## ENTRIES SHOWN
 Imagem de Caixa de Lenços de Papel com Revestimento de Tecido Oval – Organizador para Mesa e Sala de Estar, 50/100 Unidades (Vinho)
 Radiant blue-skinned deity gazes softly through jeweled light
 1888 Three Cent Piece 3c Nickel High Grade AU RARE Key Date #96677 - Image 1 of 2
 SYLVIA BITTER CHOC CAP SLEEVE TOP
* * *
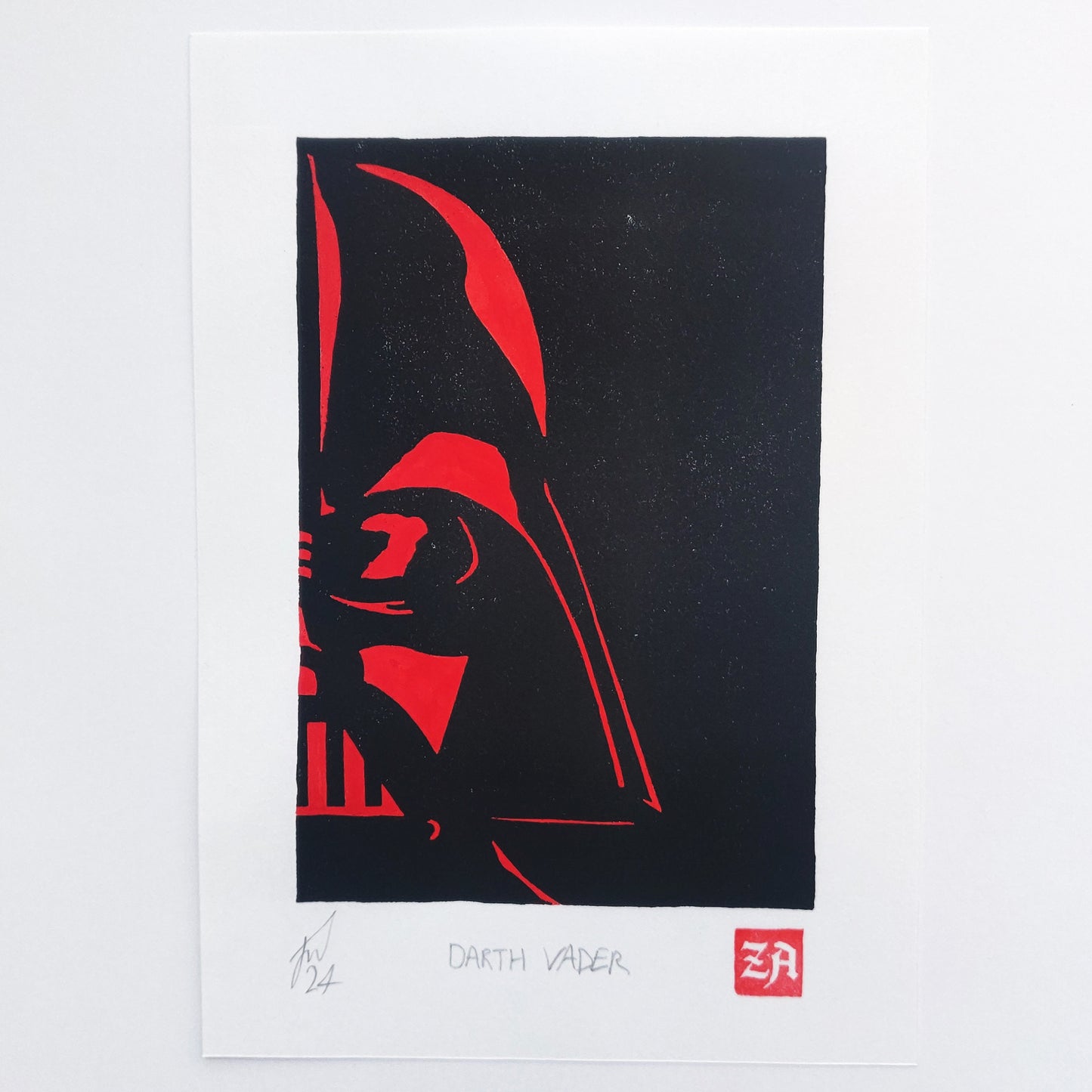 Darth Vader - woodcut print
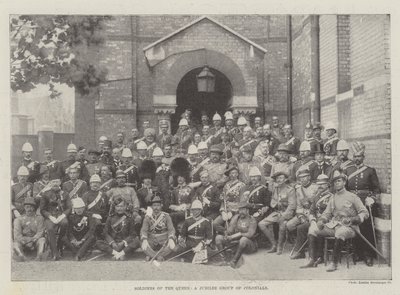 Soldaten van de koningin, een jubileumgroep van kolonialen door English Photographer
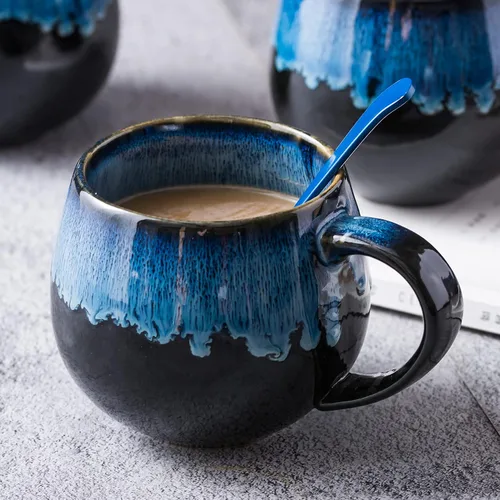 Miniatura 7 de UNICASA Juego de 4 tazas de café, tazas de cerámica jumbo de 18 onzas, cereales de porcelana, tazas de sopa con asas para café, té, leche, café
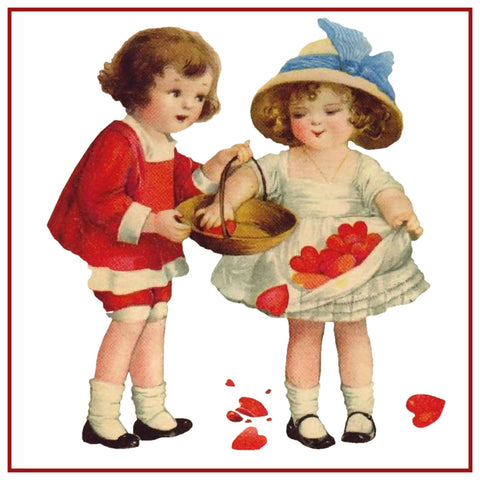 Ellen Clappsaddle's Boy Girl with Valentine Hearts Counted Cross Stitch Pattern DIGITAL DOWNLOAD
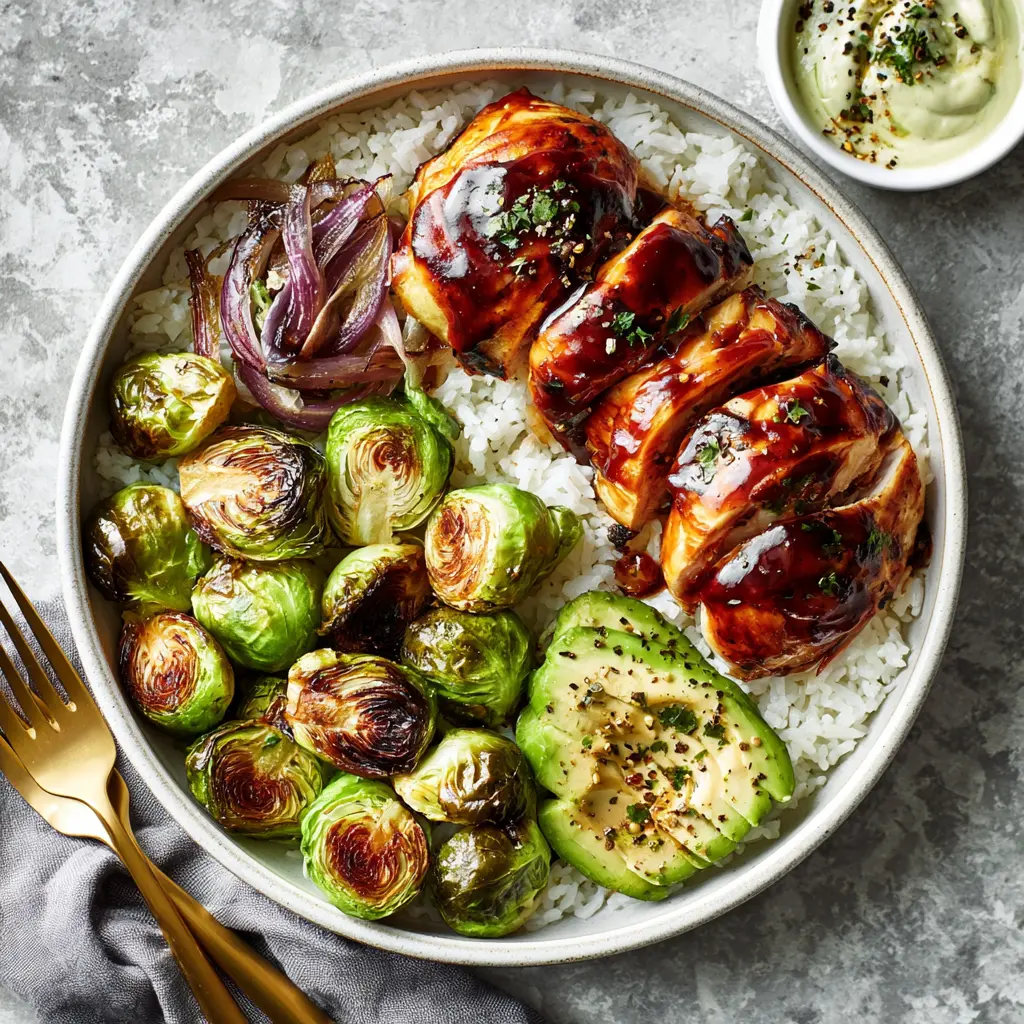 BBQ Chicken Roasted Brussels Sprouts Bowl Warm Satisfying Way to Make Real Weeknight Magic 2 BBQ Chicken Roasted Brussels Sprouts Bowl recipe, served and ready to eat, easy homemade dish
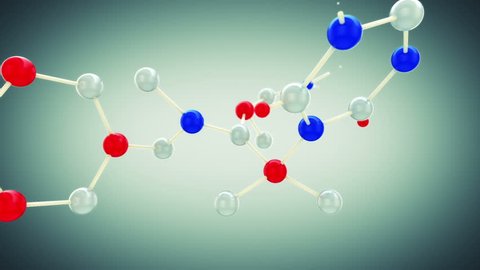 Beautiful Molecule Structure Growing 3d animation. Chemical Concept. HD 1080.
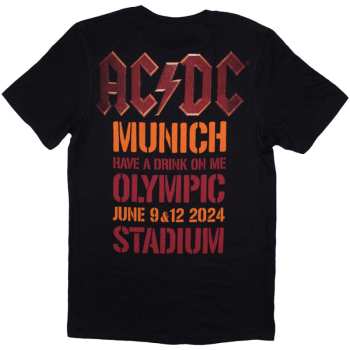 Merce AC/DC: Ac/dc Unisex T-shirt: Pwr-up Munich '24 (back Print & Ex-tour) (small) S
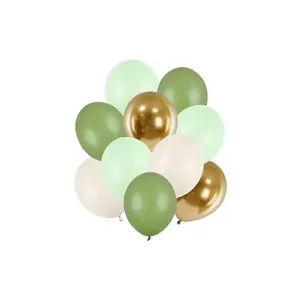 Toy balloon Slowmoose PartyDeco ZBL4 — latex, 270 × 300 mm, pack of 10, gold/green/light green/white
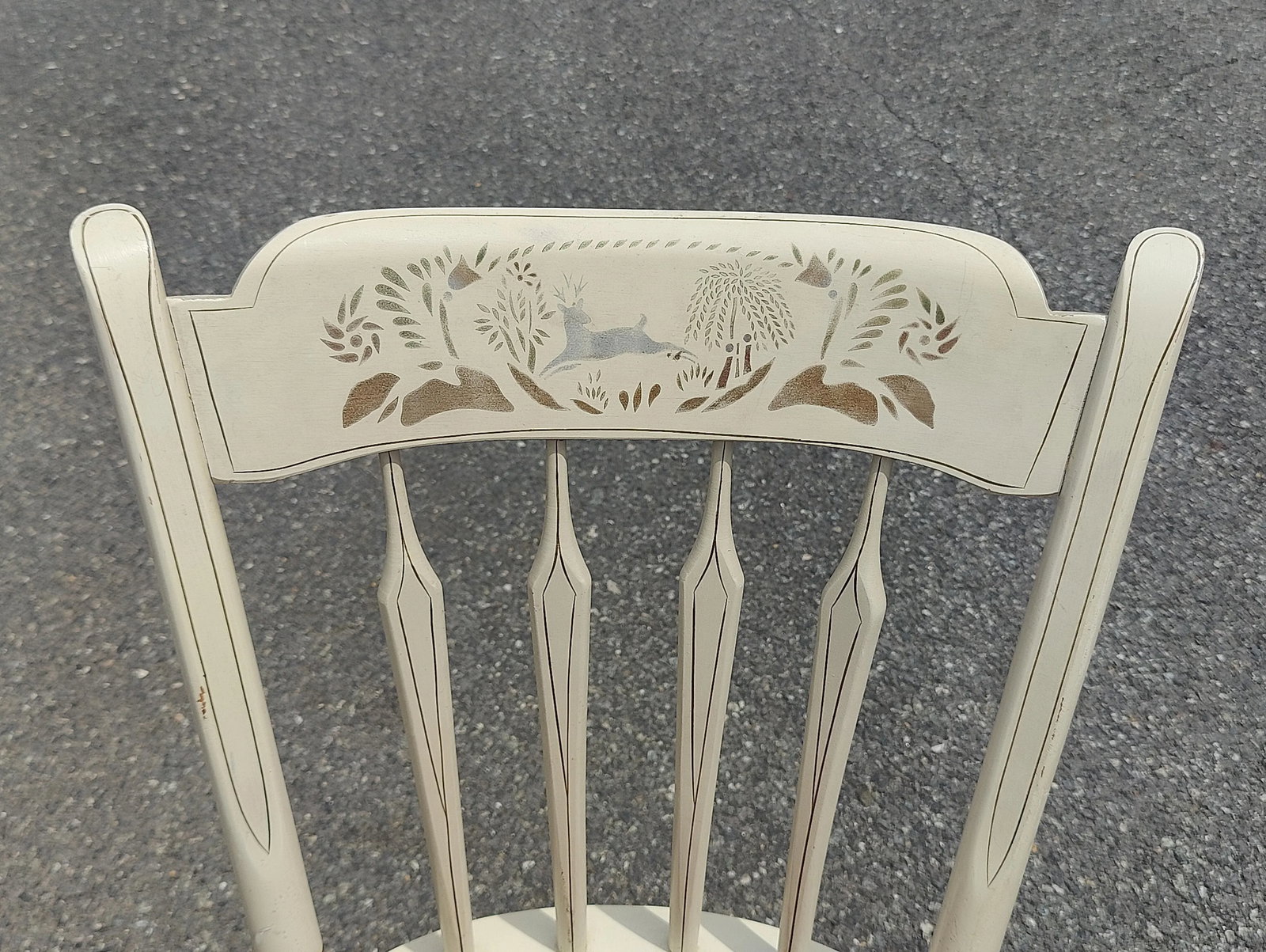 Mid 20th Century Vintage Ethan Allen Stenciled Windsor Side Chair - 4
---
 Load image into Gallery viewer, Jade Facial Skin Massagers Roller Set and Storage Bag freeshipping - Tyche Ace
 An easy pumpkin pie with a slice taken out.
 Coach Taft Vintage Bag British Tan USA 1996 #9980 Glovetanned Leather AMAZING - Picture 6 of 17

## PROBLEM
Would you copy out exactly the lines above that start at the one containing "Imagem de Caixa" and end at the one containing "SYLVIA BITTER CHOC CAP SLEEVE TOP", inclusive?

## WORKED SOLUTION
 Imagem de Caixa de Lenços de Papel com Revestimento de Tecido Oval – Organizador para Mesa e Sala de Estar, 50/100 Unidades (Vinho)
 Radiant blue-skinned deity gazes softly through jeweled light
 1888 Three Cent Piece 3c Nickel High Grade AU RARE Key Date #96677 - Image 1 of 2
 SYLVIA BITTER CHOC CAP SLEEVE TOP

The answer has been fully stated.